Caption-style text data
■ ■ ■ ■ ■ ■ ■

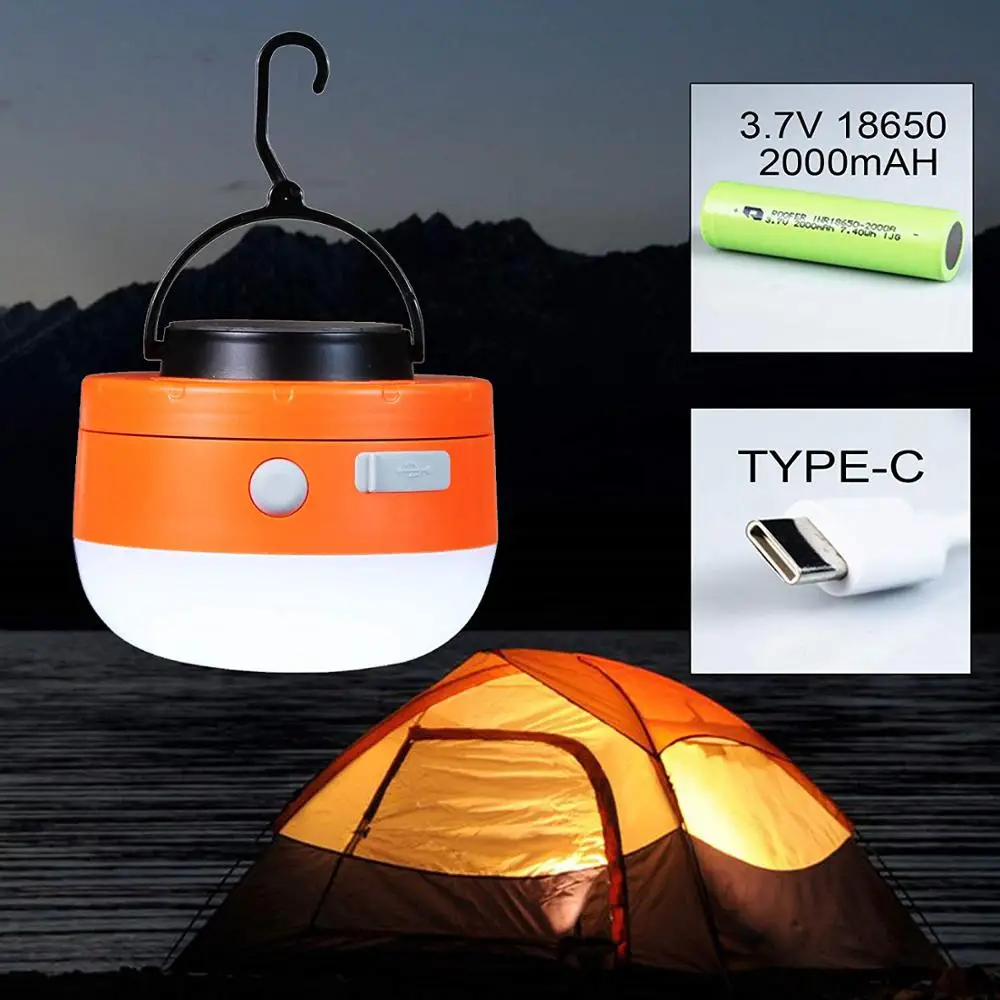 WRalwaysLX портативная перезаряжаемая Регулируемая походная лампа type C зарядка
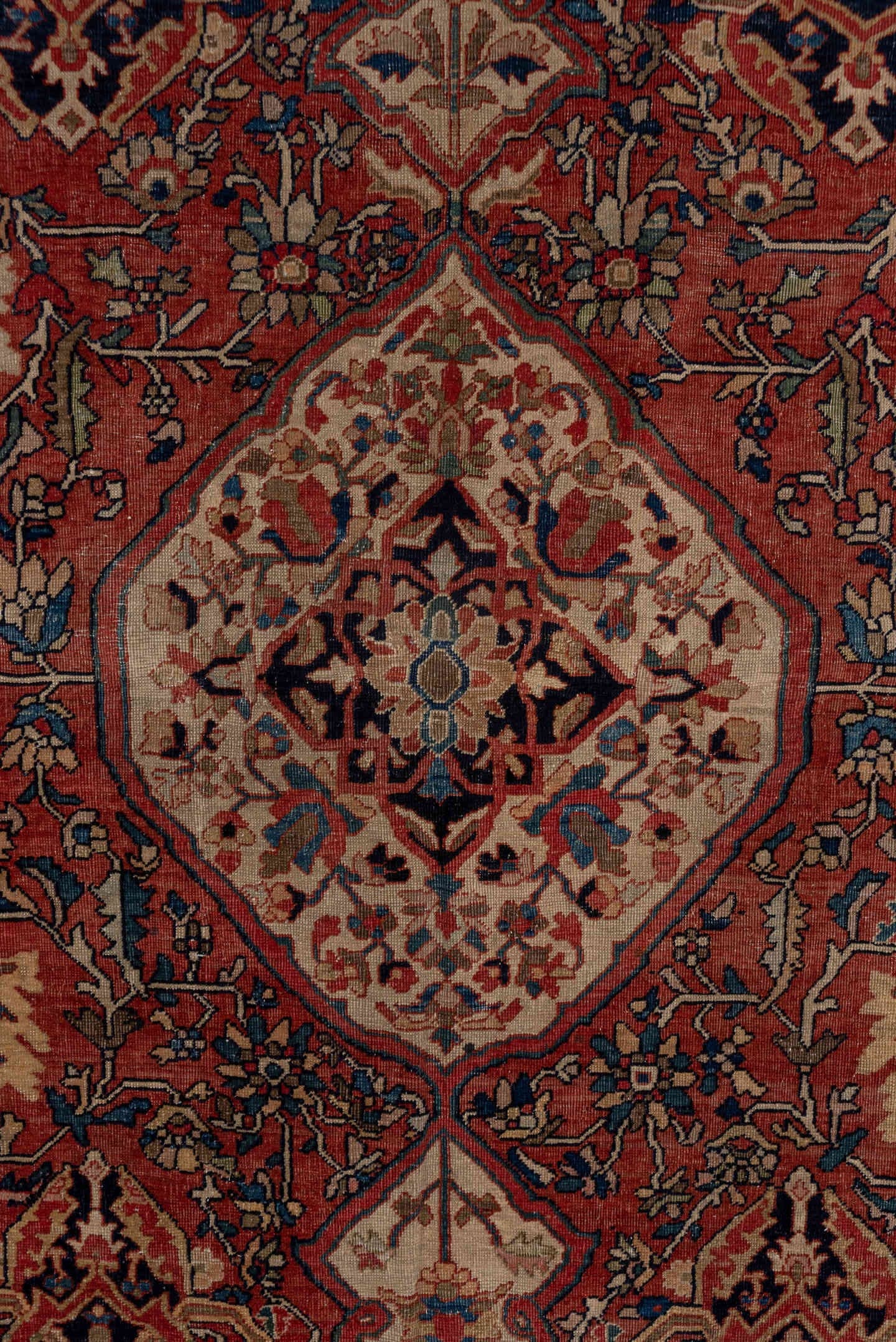 4' x 6' one-of-a-kind handmade antique Far.Sarouk small size rug. Color palette: rust, ivory, navy, soft blue, taupe, camel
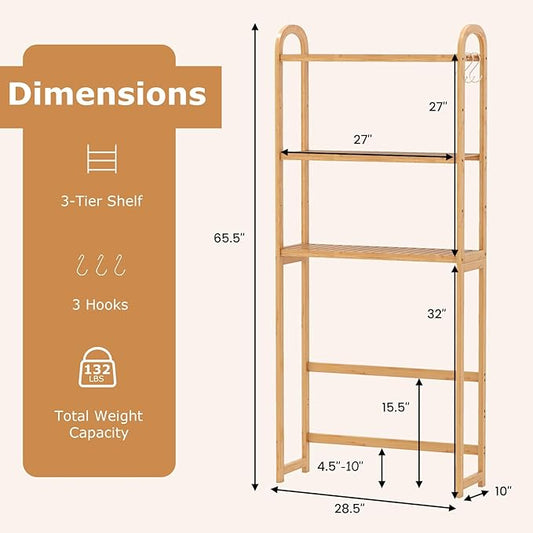 Giantex Over The Toilet Storage Cabinet, 3-Tier Bamboo Bathroom Shelves Over Toilet w/3 Hooks, Adjustable Shelves & Waterproof Feet Pad, Over Toilet Bathroom Organizer for Laundry, Balcony, Restroom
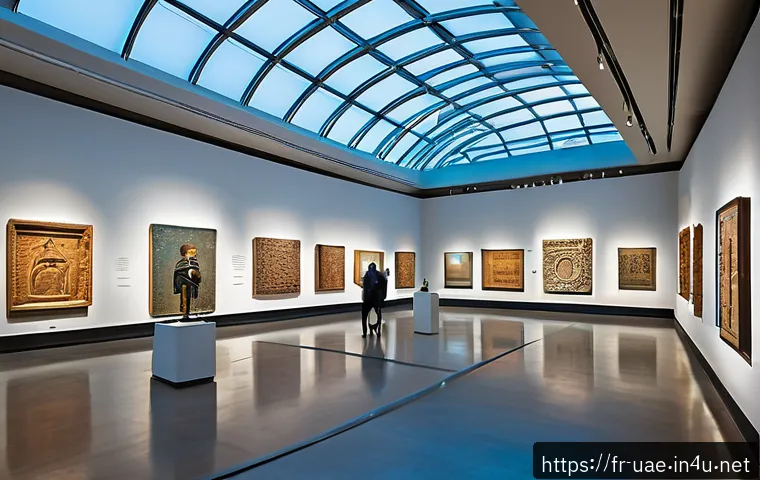 아부다비 루브르 박물관 - A modern museum interior with spacious, open galleries showcasing a diverse collection of art from a...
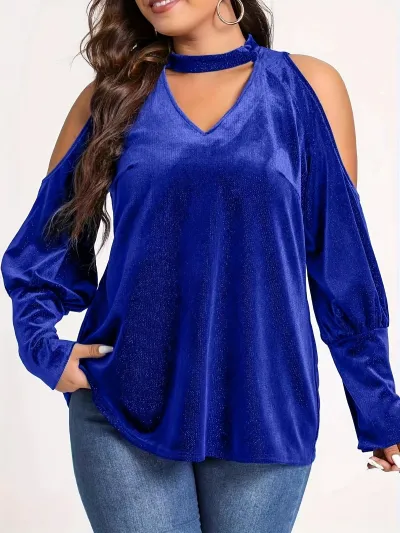 Women's V-Neck Loose Long Sleeve Sequin Blouse Plus Size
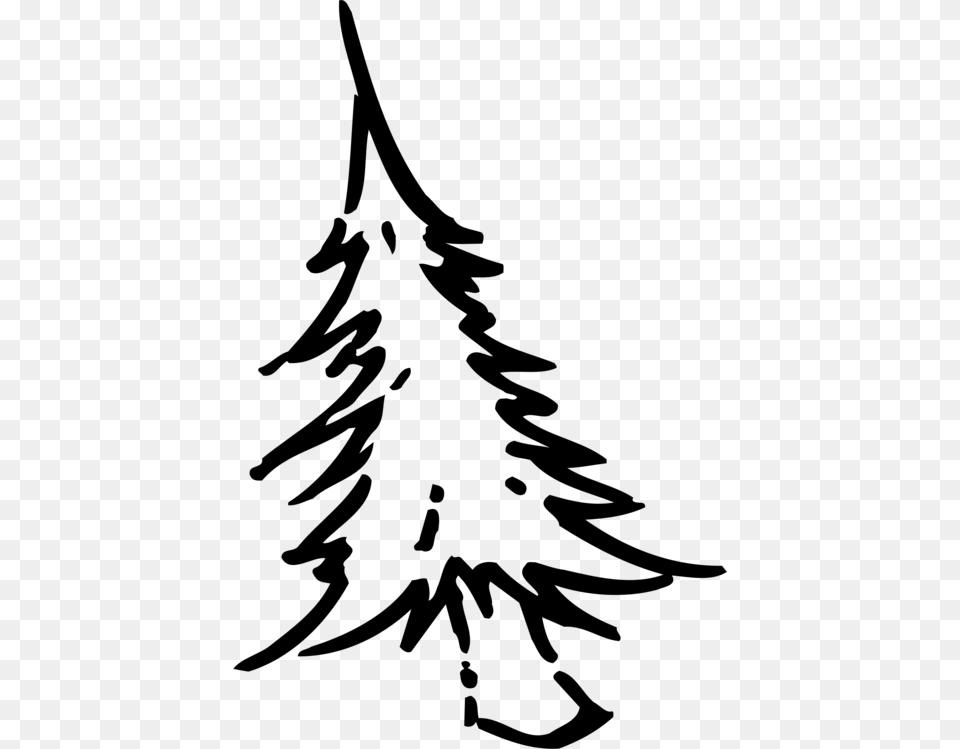 Christmas Tree Drawing, Gray Free Png Download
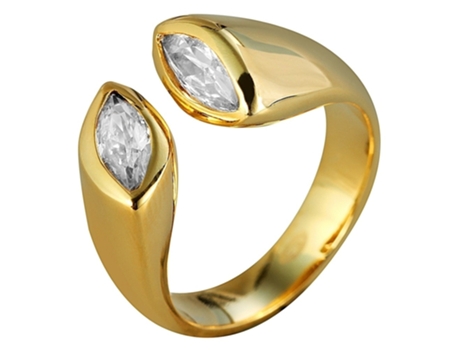 JUST Anel Barclae Dourado com Pedras Brancas em Aço Inoxidável 56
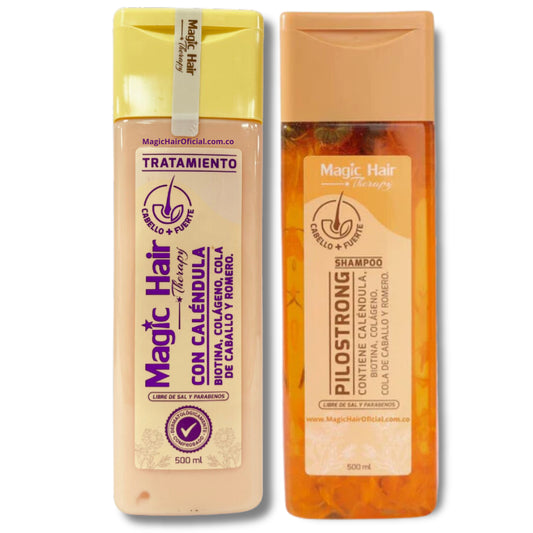 Shampoo para la Caida del Cabello Pilostrong + Tratamiento con Calendula para la caida del cabello Magic Hair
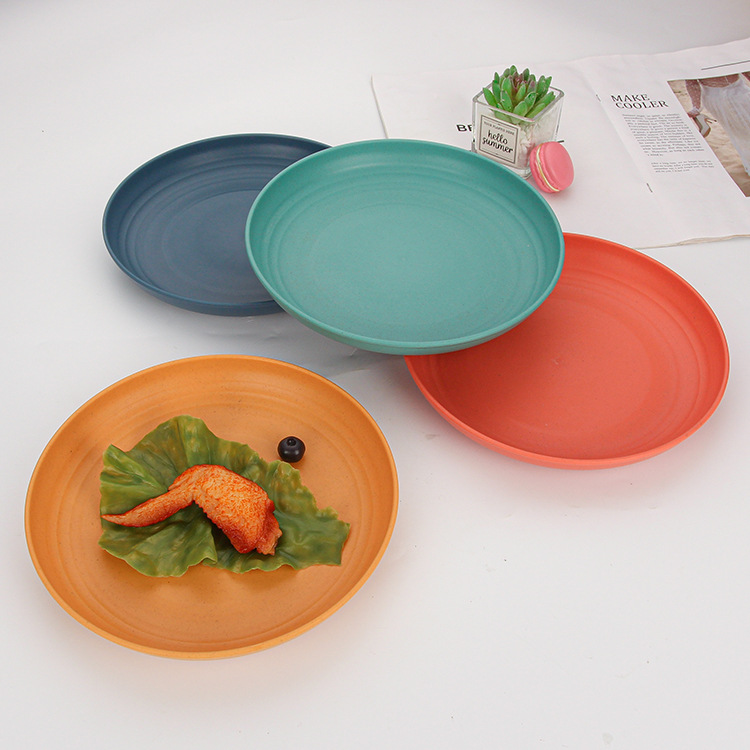 Creative wheat straw home simple plastic round plate, barbecue snack inventory, fruit plate, snack dessert plate details Picture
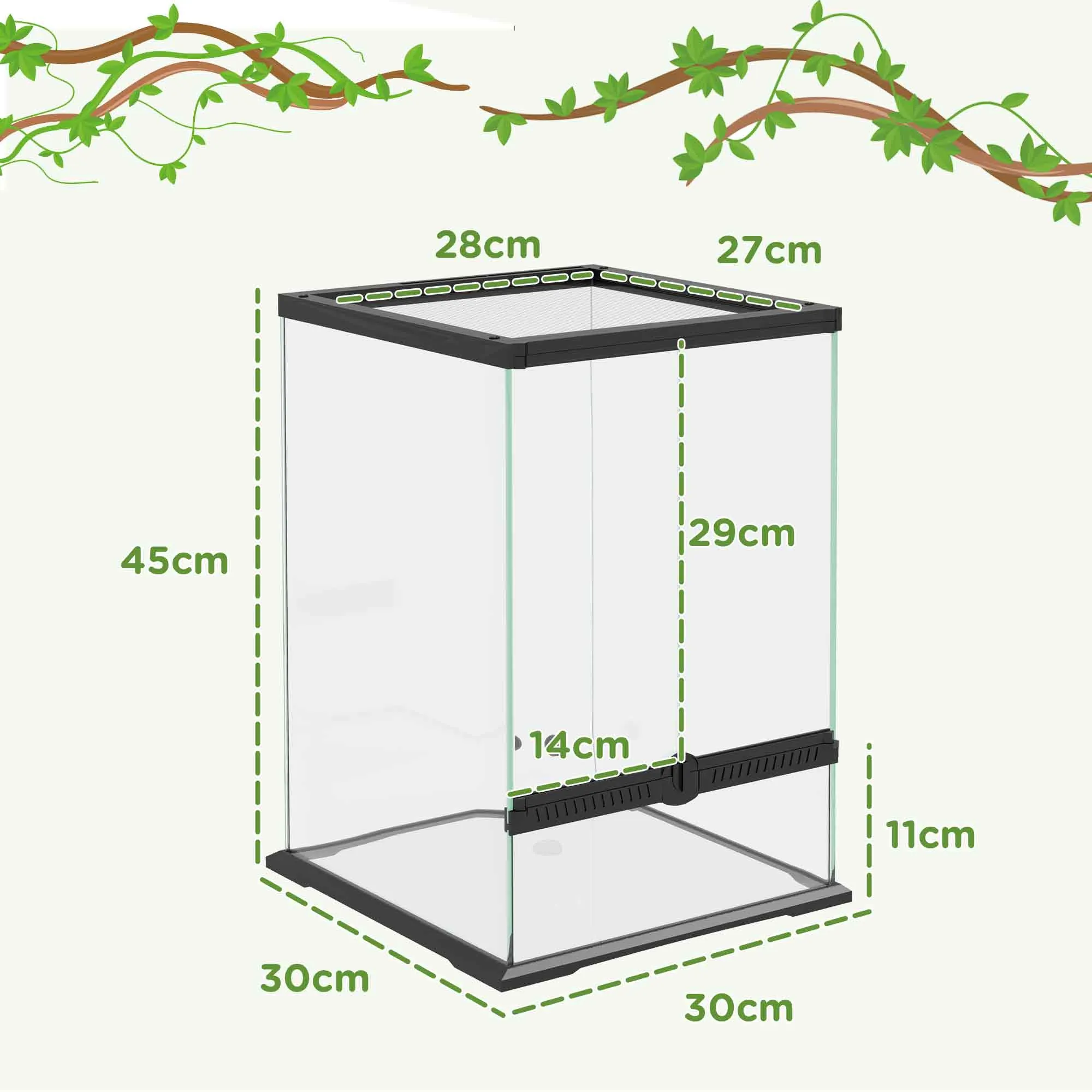 Glass Reptile Terrarium, 40L Vivarium for Lizards, Frogs, Snakes, Turtles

■ ■ ■ ■ ■ ■ ■

Find the line that contains "JUST Anel Barclae". Reproduce it and every later line of the records exactly, minus the pictures.

**ANSWER AREA**
 JUST Anel Barclae Dourado com Pedras Brancas em Aço Inoxidável 56
 Shampoo para la Caida del Cabello Pilostrong + Tratamiento con Calendula para la caida del cabello Magic Hair
 Creative wheat straw home simple plastic round plate, barbecue snack inventory, fruit plate, snack dessert plate details Picture
 Glass Reptile Terrarium, 40L Vivarium for Lizards, Frogs, Snakes, Turtles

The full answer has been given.